O Centro de Referência em Oftalmologia da Universidade Federal de Goiás (CEROF-UFG) alerta, durante o Julho Dourado (campanha de prevenção às zoonoses), que algumas doenças transmitidas por animais também podem comprometer a saúde ocular. Infecções como toxoplasmose, toxocaríase e doença da arranhadura do gato podem provocar desde inflamações até perda permanente da visão quando não diagnosticadas e tratadas precocemente .
Referência em oftalmologia pelo Sistema Único de Saúde (SUS), o CEROF-UFG oferece atendimento especializado por meio do Ambulatório de Uveítes, serviço voltado ao diagnóstico, tratamento e acompanhamento de casos complexos que exigem avaliação especializada para preservar a visão.

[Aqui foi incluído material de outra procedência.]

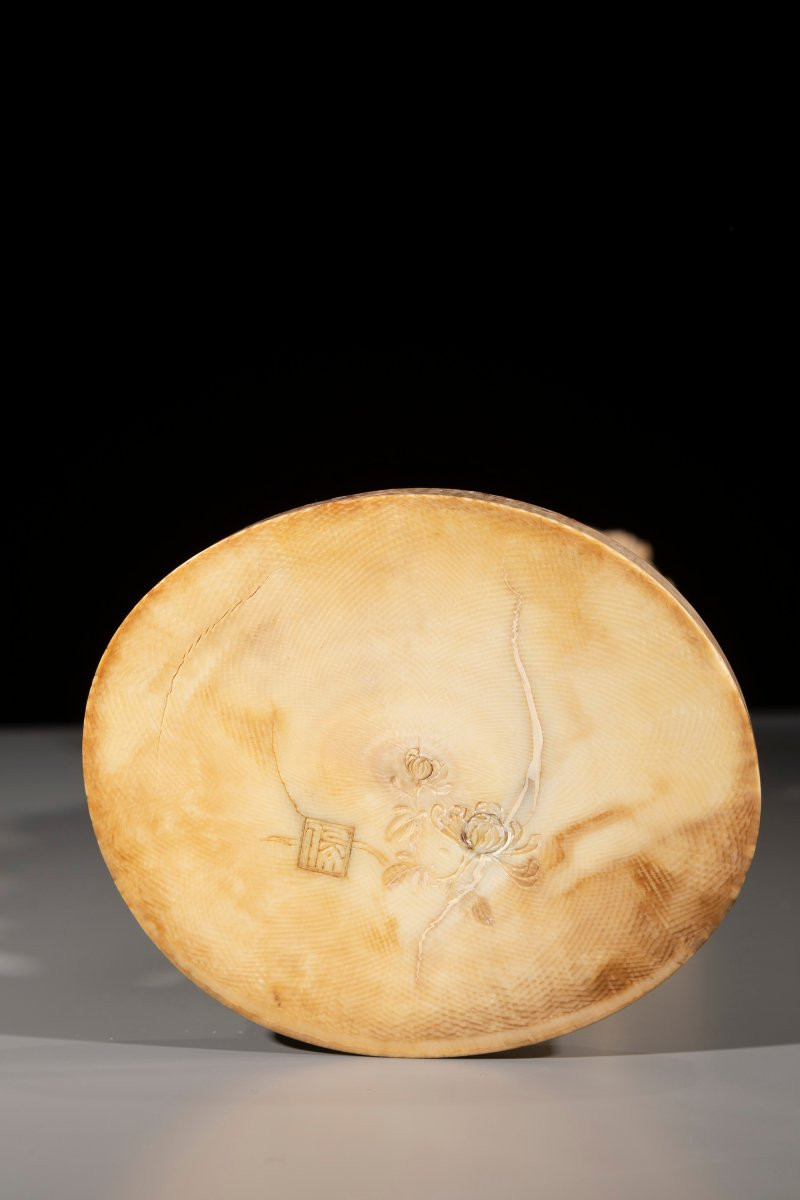 Okimono in avorio della Scuola di Tokyo raffigurante una contadina-photo-5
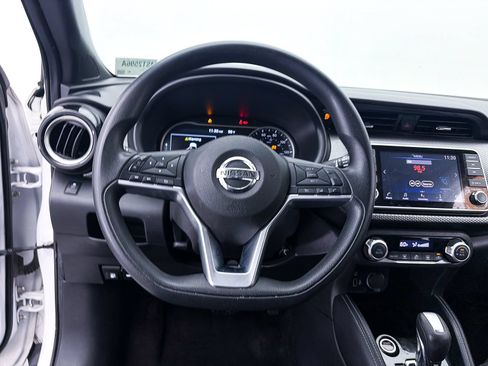 Used 2019 Nissan Kicks SV w/ Exterior Package FWD image 24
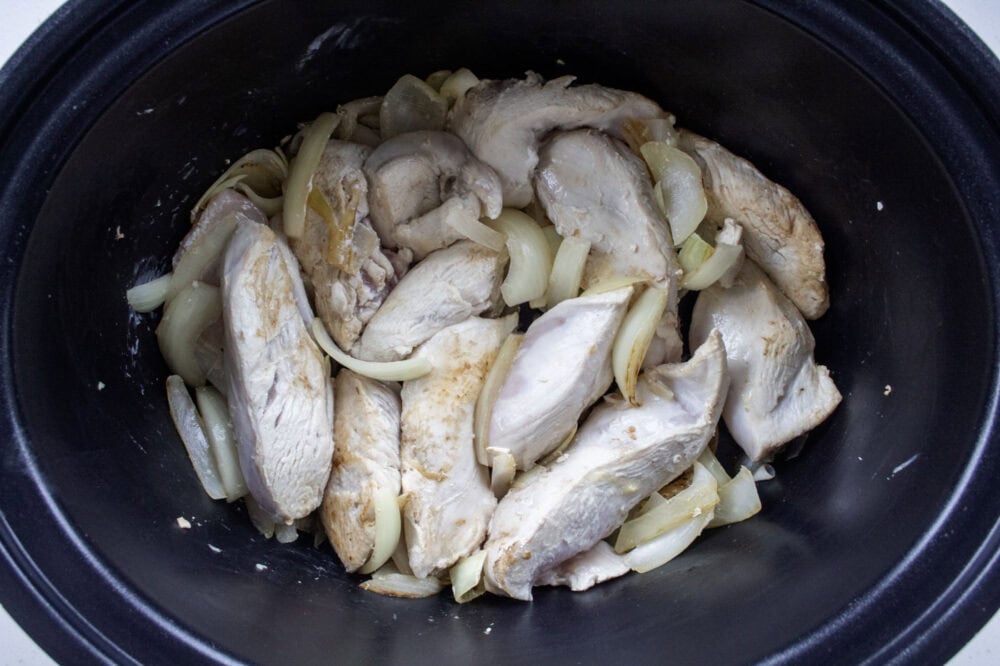 lightly sauteed chicken and onion strips in the sizzle and stew crockpot bowl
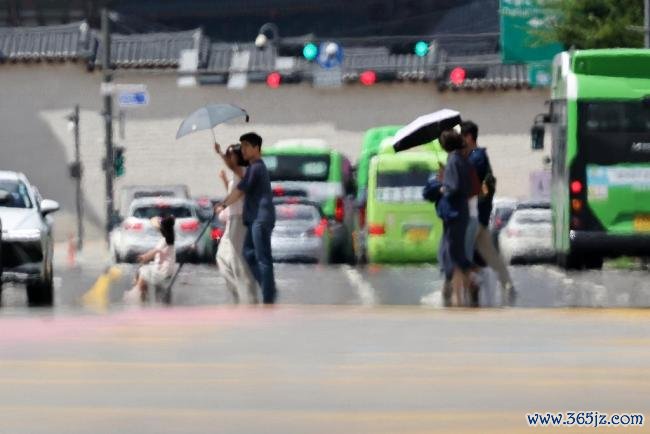 韩国气象厅发布多地最高级别高温警报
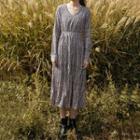 Slim-fit V-neck Floral Print Dress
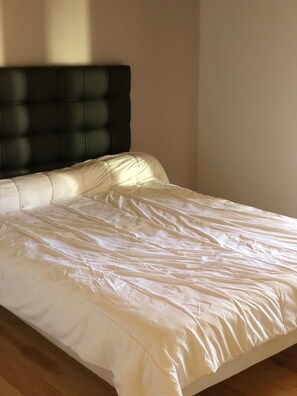 3 bedrooms, iron/ironing board, WiFi, bed sheets - renting a beautiful villa in the moors (Lahosse)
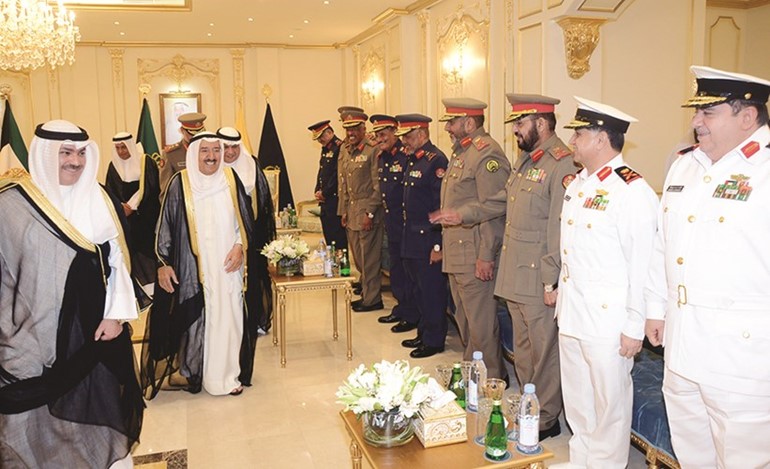 صاحب السمو الامير الشيخ صباح الاحمد لدى زيارته الى نادي ضباط الجيش وفي استقباله الشيخ خالد الجراح وكبار الضباط﻿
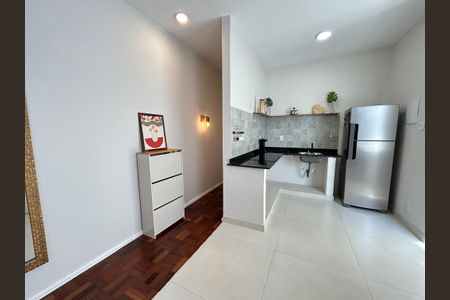 Apartamento à venda com 84m², 2 quartos e 1 vagaCozinha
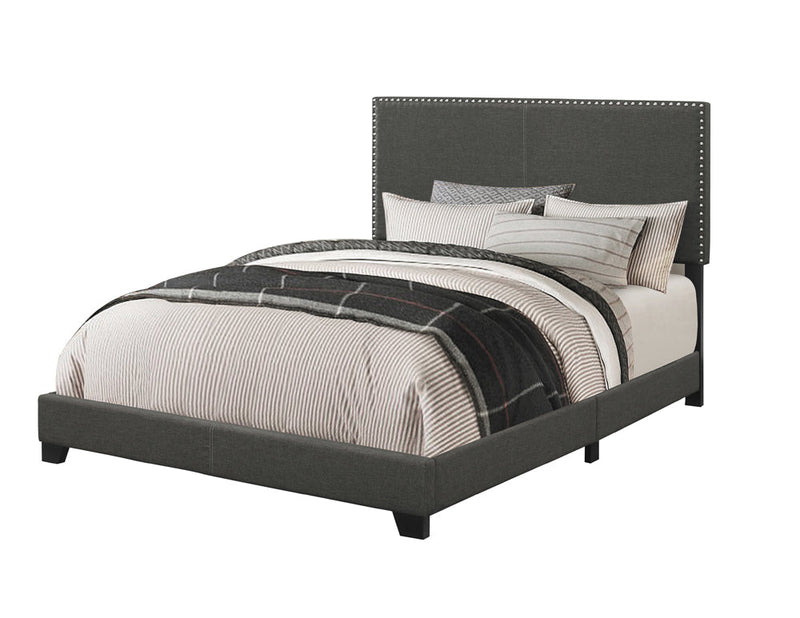 Cama Boyd tapizada con paneles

O acesso ao ambulatório ocorre pela Regulação Estadual, a partir de encaminhamento de uma Unidade Básica de Saúde (UBS).
Segundo a oftalmologista Dra. Laís Caldas, do CEROF-UFG, as infecções podem alcançar os olhos por meio da circulação sanguínea ou contato direto com os tecidos oculares. “Dependendo do agente infeccioso, podem ocorrer inflamações na retina, na coroide, no nervo óptico e em outras estruturas oculares, comprometendo a visão de forma temporária ou permanente”, explica.
Entre as doenças que podem provocar alterações oculares estão a toxoplasmose, a toxocaríase, a doença da arranhadura do gato e infecções causadas por fungos . A contaminação pode ocorrer por contato com fezes de gatos contaminadas, ingestão de carne crua ou mal passada, consumo de alimentos ou água contaminados, contato com solo contaminado e também por arranhões ou mordidas de animais infectados.
A especialista reforça que conviver com animais de estimação não representa um risco quando eles recebem acompanhamento veterinário regular e os cuidados básicos de higiene são mantidos.
Os sintomas que merecem atenção incluem visão embaçada, manchas escuras na visão, aumento de moscas volantes, dor ocular, vermelhidão, sensibilidade à luz e redução da visão. “Em alguns pacientes a doença pode evoluir de forma silenciosa. Qualquer alteração visual persistente deve ser avaliada por um oftalmologista para que o diagnóstico seja realizado o mais cedo possível”, orienta a médica.
Gestantes, pacientes imunossuprimidos e crianças estão entre os grupos de maior risco para desenvolver complicações oculares decorrentes das zoonoses. Em casos de urgência e emergência oftalmológica, o CEROF-UFG também disponibiliza atendimento em seu Pronto-Socorro Oftalmológico, que funciona todos os dias, das 7h às 17h, sem necessidade de encaminhamento ou regulação pelo SUS, para situações como traumas oculares, infecções agudas e perda súbita da visão.